▸ **SUPPLIED DATA**:

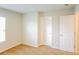 A bright bedroom features neutral walls, carpet, two white doors, and a window at 241 Wathen Dr, Goose Creek, SC 29445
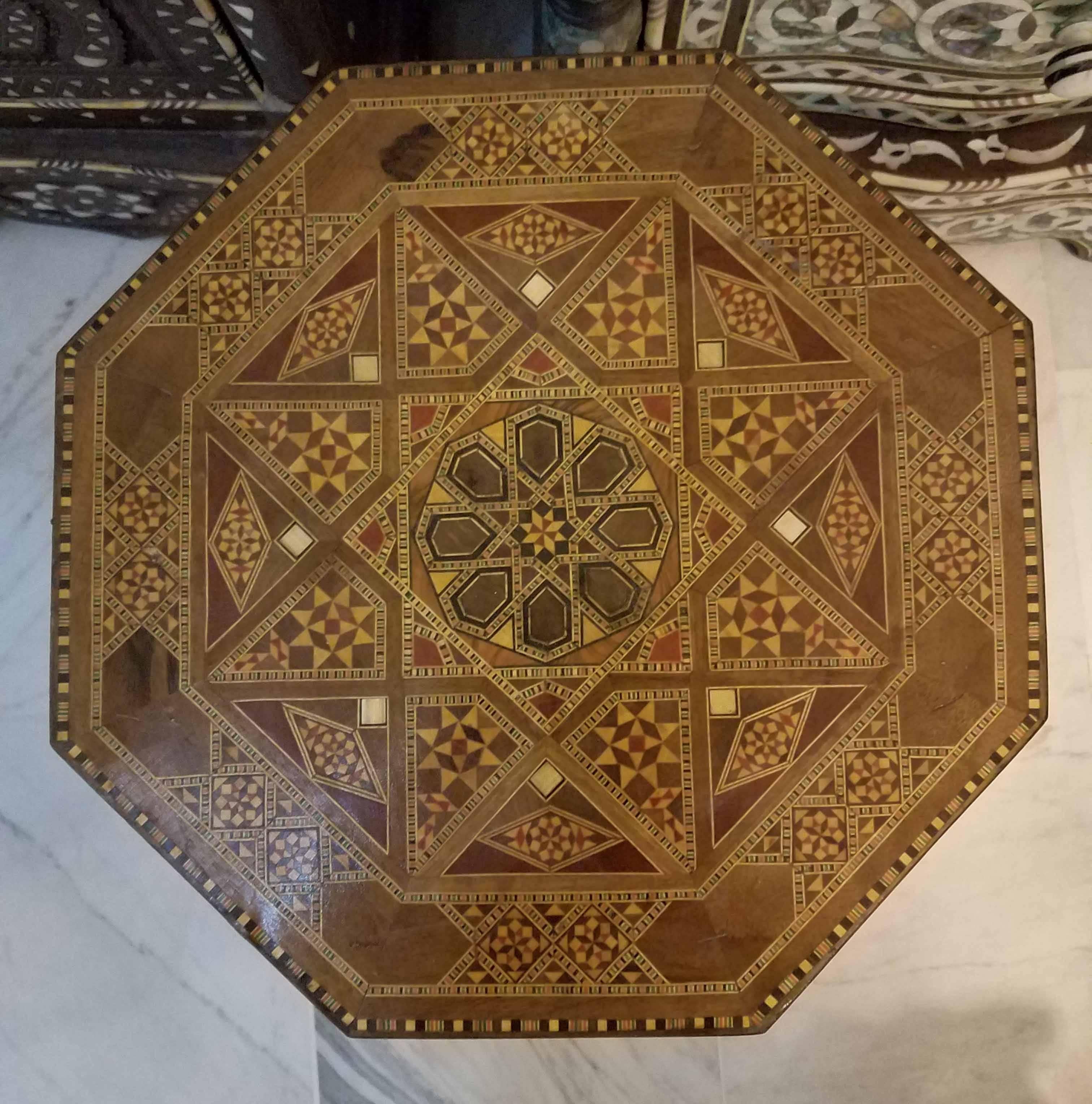 Gorgeous Syrian style marquetry side table made in Morocco. Walnut wood. Approximately 19" in height, and 14" in diameter. Great add-on or an accent piece to any décor, and any part of the house or office.
Must see to appreciate. Pictures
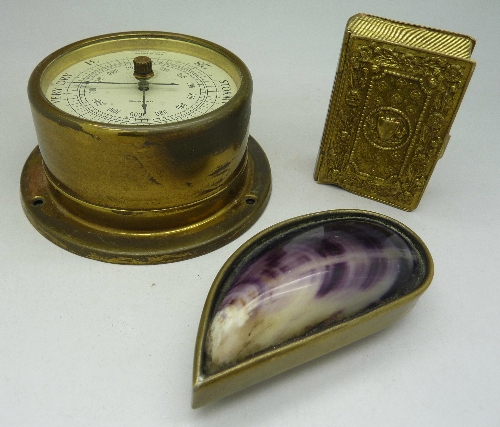 A brass snuff box in the form of a mussel shell,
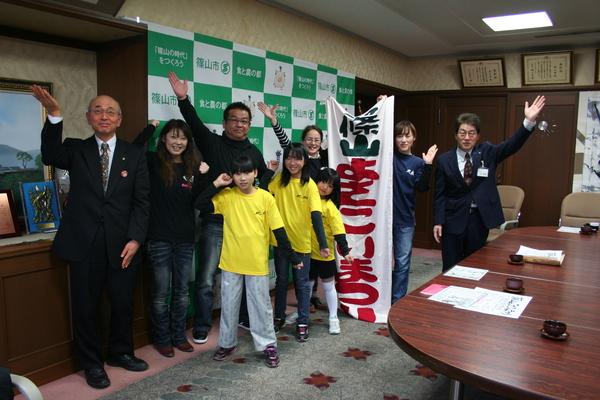 市長室でよさこいチームのメンバー5名が片手を上げてポーズをとって、後方に「篠山よさこいまつり」の垂れ幕を2名の女性が持っている左端に市長も右手を挙げてポーズをとっている写真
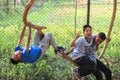 Nepalese poor children boys play and have fun wallowing a fool on a tree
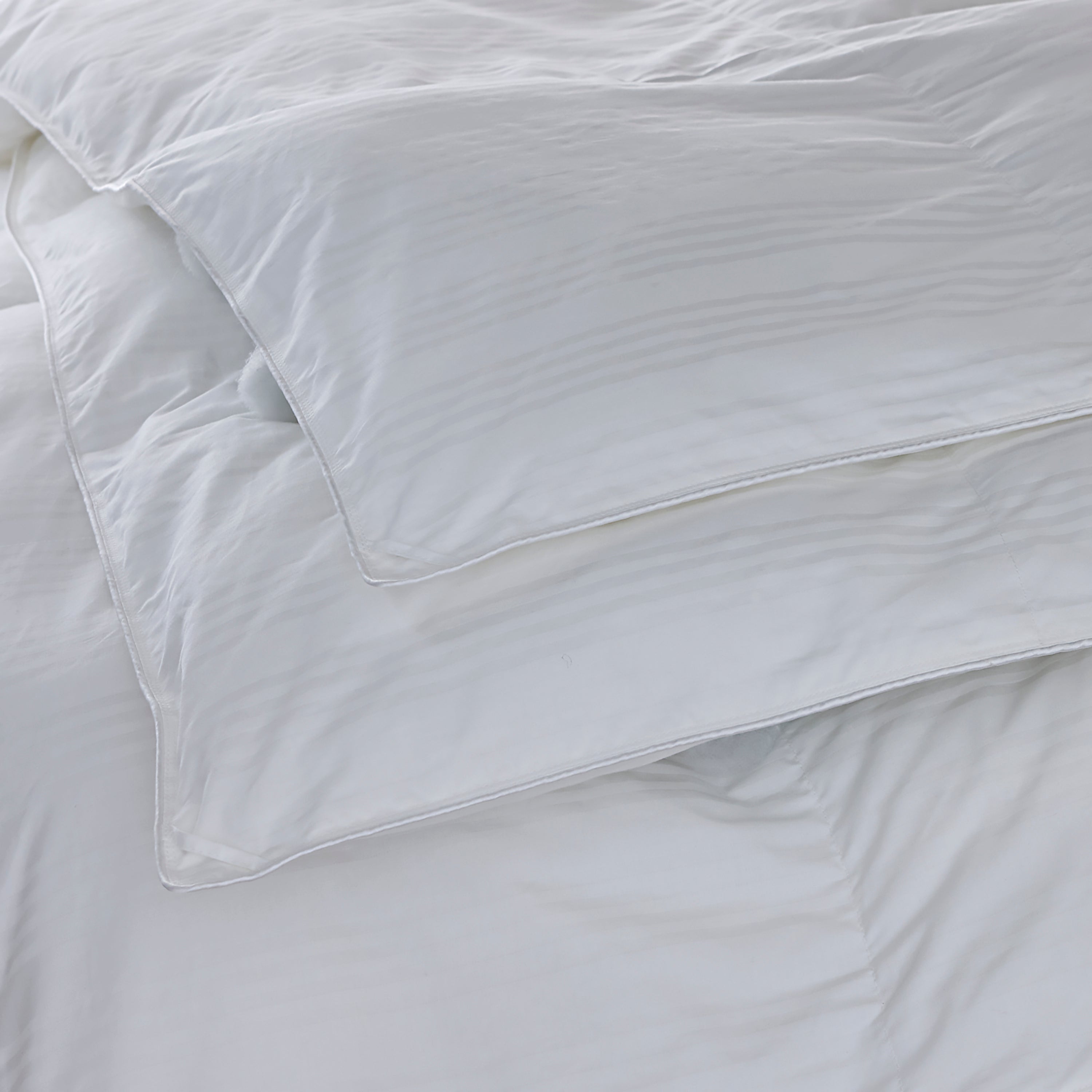 White comforter on a bed with a subtle pattern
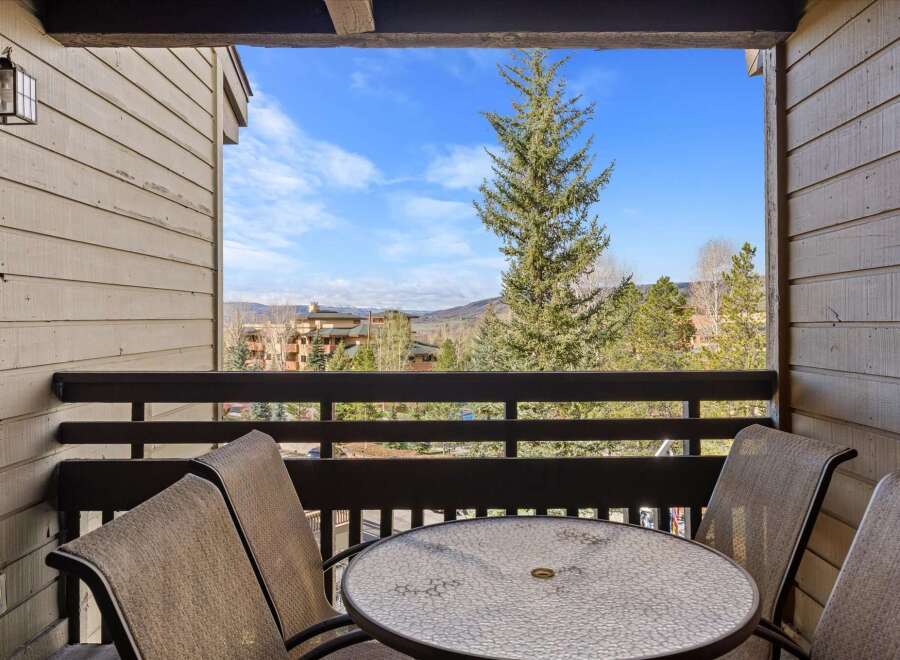 Enjoy breathtaking mountain views from this charming balcony.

▸ **WORK ORDER**: Every line from the one containing "Must see to appreciate. Pictures" to the final line of the records must be transcribed exactly, both ends included, with the pictures left out.

▸ **SOLVED PROBLEM**:
Must see to appreciate. Pictures
 A brass snuff box in the form of a mussel shell,
 市長室でよさこいチームのメンバー5名が片手を上げてポーズをとって、後方に「篠山よさこいまつり」の垂れ幕を2名の女性が持っている左端に市長も右手を挙げてポーズをとっている写真
 Nepalese poor children boys play and have fun wallowing a fool on a tree
 White comforter on a bed with a subtle pattern
 Enjoy breathtaking mountain views from this charming balcony.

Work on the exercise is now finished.